The 78-page complaint accuses Adelson of “operating the company in an illegal manner, including knowingly violating and thereafter covering up of, inter alia, various provisions of the Foreign Corrupt Practices Act, the Bank Secrecy Act, the Securities and Exchange Act of 1934, and the Sarbanes-Oxley Act.”
Sokolowski says Sands board members have done nothing to “implement appropriate controls to prevent hundreds of millions of dollars from being paid out without appropriate documentation or authorization, acquiescing in money laundering at the company’s casinos in violation of the Bank Secrecy Act and by wasting corporate assets in a personal vendetta against his former colleague, Steven C. Jacobs, the former president of Sands China, who has just settled a lawsuit in this court.”
Breaches of fiduciary duty include putting loyalty to Adelson above loyalty to the company and its shareholders; wasting corporate assets in “overly aggressive and improper litigation;” and giving Adelson free rein in Macau, where Sokolowski says evidence indicates Adelson “concealed ties to Chinese organized crime and ordered bribery and blackmail of government officials.”
Sokolowski also claims Adelson and his board acquiesced to money laundering, which they tacitly admitted by agreeing to pay $75 million settle with the Department of Justice.
He says a proposed casino development in Spain was scrapped because Adelson demanded that the country relax its money laundering laws, and that board members turned a blind eye when the company provided prostitutes for high-rollers and took other unethical and unlawful actions, including disseminating false information.

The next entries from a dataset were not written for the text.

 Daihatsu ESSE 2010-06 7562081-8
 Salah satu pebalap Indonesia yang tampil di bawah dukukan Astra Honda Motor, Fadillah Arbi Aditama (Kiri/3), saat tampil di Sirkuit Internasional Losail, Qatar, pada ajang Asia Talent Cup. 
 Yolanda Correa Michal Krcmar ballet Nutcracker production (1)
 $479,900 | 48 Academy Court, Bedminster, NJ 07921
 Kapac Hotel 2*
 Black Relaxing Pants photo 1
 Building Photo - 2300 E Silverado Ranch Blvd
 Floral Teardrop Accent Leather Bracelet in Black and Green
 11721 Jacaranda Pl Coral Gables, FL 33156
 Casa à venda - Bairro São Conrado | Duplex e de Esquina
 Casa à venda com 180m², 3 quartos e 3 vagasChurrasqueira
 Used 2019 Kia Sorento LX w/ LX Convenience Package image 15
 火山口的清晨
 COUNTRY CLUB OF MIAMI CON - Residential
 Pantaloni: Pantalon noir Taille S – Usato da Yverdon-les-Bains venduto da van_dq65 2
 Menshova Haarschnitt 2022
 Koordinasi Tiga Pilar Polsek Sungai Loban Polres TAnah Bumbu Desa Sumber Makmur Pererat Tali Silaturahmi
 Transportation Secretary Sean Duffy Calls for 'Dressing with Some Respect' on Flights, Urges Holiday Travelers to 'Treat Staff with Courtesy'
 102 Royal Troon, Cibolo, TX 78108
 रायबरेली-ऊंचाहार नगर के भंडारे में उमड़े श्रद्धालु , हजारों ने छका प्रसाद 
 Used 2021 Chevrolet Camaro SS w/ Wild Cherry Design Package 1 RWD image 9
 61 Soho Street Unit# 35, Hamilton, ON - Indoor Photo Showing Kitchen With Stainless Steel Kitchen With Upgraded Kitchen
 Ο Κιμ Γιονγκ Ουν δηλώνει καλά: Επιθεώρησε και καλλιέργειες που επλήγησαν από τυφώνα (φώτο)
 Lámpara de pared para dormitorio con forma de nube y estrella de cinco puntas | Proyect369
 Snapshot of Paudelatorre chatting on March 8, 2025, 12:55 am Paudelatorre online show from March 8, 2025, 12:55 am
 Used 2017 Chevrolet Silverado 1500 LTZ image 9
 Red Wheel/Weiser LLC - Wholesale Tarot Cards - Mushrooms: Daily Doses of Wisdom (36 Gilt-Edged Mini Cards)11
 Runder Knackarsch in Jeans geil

He accuses Adelson et al. of breach of fiduciary duty, waste of corporate assets, unjust enrichment, breach of contract, breach of loyalty and breach of duty of candor.
He asks the court to appoint a conservator or special master to oversee Las Vegas Sands’ handling of shareholder derivative lawsuits; appoint a compliance officer to ensure Sands’ compliance with federal laws; and declare that current and former board members violated their fiduciary duty to the Sands and its shareholders.
He also wants Adelson et al. ordered to repay Las Vegas Sands for damages caused by their decisions and a declaration that co-defendants PricewaterhouseCoopers, Las Vegas Sands’ former auditor, and its managing partner, Frederick Hipwell, breached their agreements with Las Vegas Sands and caused damages.
He wants the court to order Las Vegas Sands to “reform and improve its corporate governance, compliance and internal control procedures” to prevent further occurrences.
And he seeks exemplary damages, attorney’s fees and costs.
Named as defendants are Adelson, and Las Vegas Sands Board members Michael A. Leven, Jason N. Ader, Irwin Chafetz, Charles D. Forman, Irwin A. Siegel, Charles A. Koppelman, Jeffrey H. Schwartz, Robert G. Goldstein, Micheline Chau, Steven L. Gerard, George Jamieson, David Levi, George P. Koo, Hipwell and PricewaterhouseCoopers.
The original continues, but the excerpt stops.